In his current role, Warren always thinks of ways to engage his team and cites Harvard Business Review as one of his sources of inspiration. These are some of the tips he’d like to share with other CIOs:
- He tries to find time in his day where his team experience things differently. “When you play, you use your imagination and bring all of you to the table,” he says. Meetings are also structured to find ways to play.
- He encourages his team to do something that can contribute to the wider community, be purposeful and engage at work.
- Fulfilment of potential is also important. “Geeks love to do cool stuff. I find opportunities for our team to do the latest and greatest, develop their expertise and then apply it,” he says.
Building teams and empowering them remains one of the proudest moments of his career. In his previous role as the Chief Technology Officer at Microsoft South Africa, he was part of the team that brought the first cloud-connected data centres to Africa.
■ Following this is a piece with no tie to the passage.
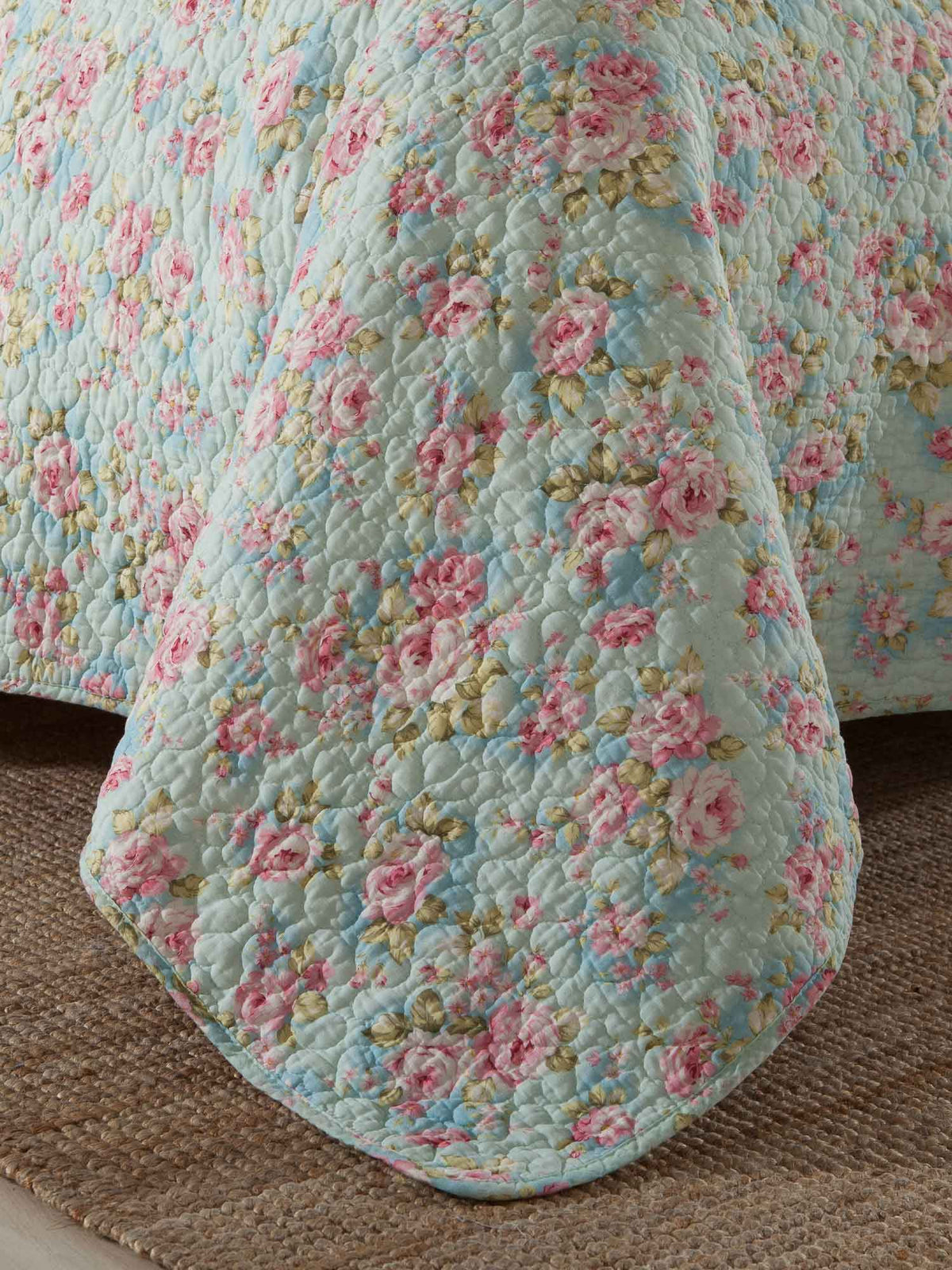 Vintage Rose Floral Print Quilted 3‑Piece Bedding Set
He admits that as a leader he is aware that he does not know everything and has built trust in his team. “What I do as a leader is find ways for individuals to connect to the firm’s purpose statement so they can find their why in our why,” he says.
Working from home since the end of March 2020 has been an easy transition in that he and his team had two years’ worth of training before the hard lockdown hit. “Our focus was always on ensuring the mobility of the person, not tech, which ensured the position of being able to work from wherever,” says Warren.
Impressively, for the past four years, Warren, together with a group of other CIOs, have been working with the Institute for Chartered IT Professionals (ICITP) to conceptualise the professionalising of the CIO career designation. The team has put together a ladder of competence from school level until senior level. This is all part of his plan to continue to make a difference in the future of the IT industry.